If you wish to converse with me,
define your terms.

- Voltaire

Story, Plot, Narrative

There are no other terms in the games industry as confused and misused as story, plot and narrative. It’s not that surprising, actually. What these terms refer to are aspects of our daily lives, they shape the way we experience the world and the way the world experiences us.

When I mention story, plot or narrative in my writings, I’m referring to specific categories that signify specific concepts. The definitions I use are the one that have been used in literary criticism for over a hundred years. If you don’t think my definition of story is right, then fine, when I say “story” you can think whatever word you want. What’s important are the concepts, not their labels.

Story is an abstract, intangible chronology of events brought about by actants.

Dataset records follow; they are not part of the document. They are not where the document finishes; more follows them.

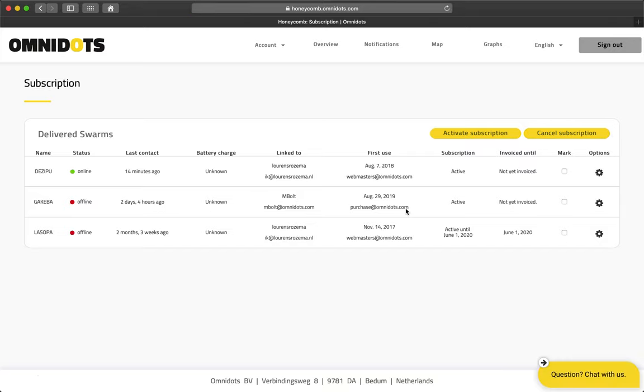On this page, you are also able to provide your client support seeing the status, time of last contact, and battery charge of the swarm. Also, you can see when the swarm was first used and by whom.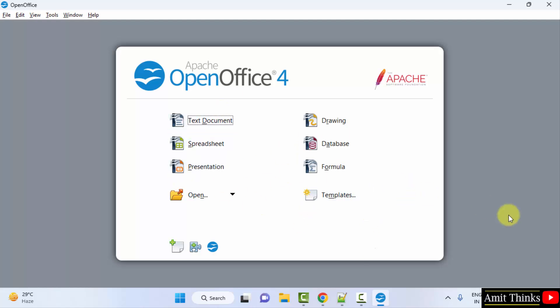So guys, in this video we saw how we can easily download and install the complete OpenOffice on Windows. Thank you for watching the video.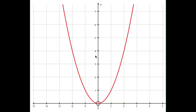Welcome to this second video in the quadratic series for P1 Maths. In this video we're going to be dealing with quadratic graphs. Here's the graph of y equals x squared, the most simple kind of quadratic graph you can look at.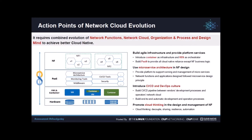We think it requires combined evolution of network functions, network cloud culture, and design mindset to achieve better cloud native. Firstly, an agile infrastructure platform should be built and platform services should be provided. Container and Kubernetes should be selected as the new infrastructure and orchestrator. A PaaS that contains all common and reusable services should be built so that network functions can focus on business logic and time-to-market can be shortened. Then network functions should adopt microservice architecture to achieve flexibility, and the platform must support the running and management of microservices.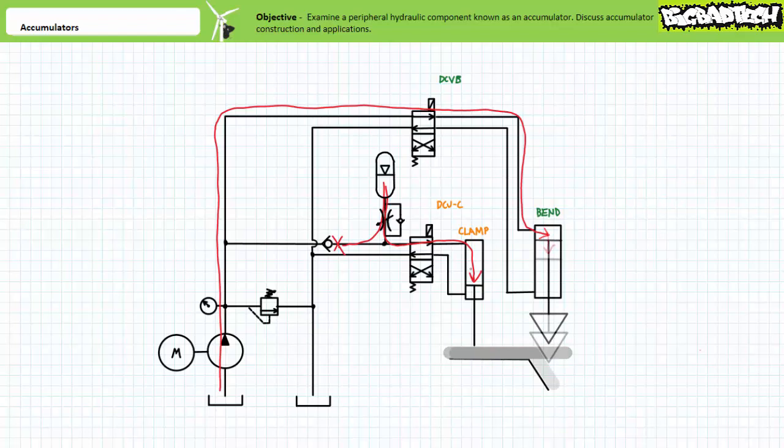Only when the bend cylinder makes contact and starts bending the workpiece does pressure begin to rise. We'll examine more sophisticated clamp and bend circuits in later lectures, making use of a pressure control valve known as a sequence valve, to automatically ensure the clamp cylinder clamps the workpiece first and then bends it. Additionally, we'll examine electrically sequenced hydraulic circuits making use of limit switches and ladder logic to coordinate the clamp and bend sequence.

I can tell you the story of The Lord of the Rings over lunch, I can read it over the course of roughly 1500 pages, or I can watch it over the course of 11 hours and 23 minutes. Each telling omits, adds and even slightly changes the small details of events, characters, settings, etc, but in the end we all agree that it’s the same story.

Plot is the way the story is told; that is, a plot is a single manifestation or expression of the virtually infinite number of ways you can tell a story.

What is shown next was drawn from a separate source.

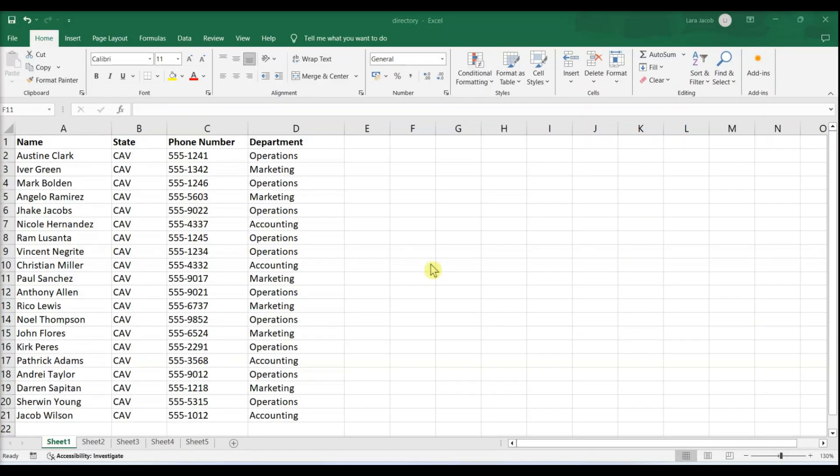If you have a lot of data in an Excel spreadsheet, it can be overwhelming to find a specific cell with certain words. This video will show you how to search for text in Microsoft Excel.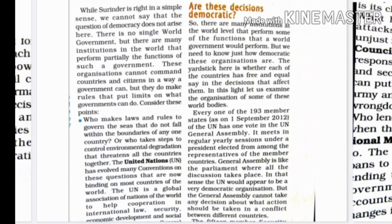For example, in the case of India and Pakistan — India says Kashmir is our country, Pakistan says it is our country. This is a case for the UN, but the UN cannot give one clear decision. So can we say the UN is fully democratic?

Each version of The Lord of the Rings (mentioned above) shares the same story but tells it through slightly (novels vs. movie) or significantly (synopsis vs. novel) different plots.

In writing, every sentence is meaningful to the plot. Every description, every action, every character is meaningful in some way (whether intentionally or not). In film, the same is true of every shot, every cut, every pan, every line of dialog, etc. You change a jump cut to a slow pan in a horror movie and you change the tone of that scene, or the effectiveness of a scare. Every little aspect comes to shape the way the story is told, and so every little aspect affects the plot. This is true even in games.

Narrative, now here’s a tricky one. Simply put, narrative is the way we experience the world. Period. Whether we’re reading a book, watching a movie or playing a game, the way we experience reading, watching and playing is as a narrative. That doesn’t mean games are narratives, just that they’re experienced as narratives.

Actant or Character

When we think of characters, we often imagine them as living, breathing agents that live in a fictional world, that have a psychological reality to them and that affect the world around them. There’s nothing wrong with this view, but literary criticism proposes a more useful way of looking at characters. This different perspective calls them “actants”.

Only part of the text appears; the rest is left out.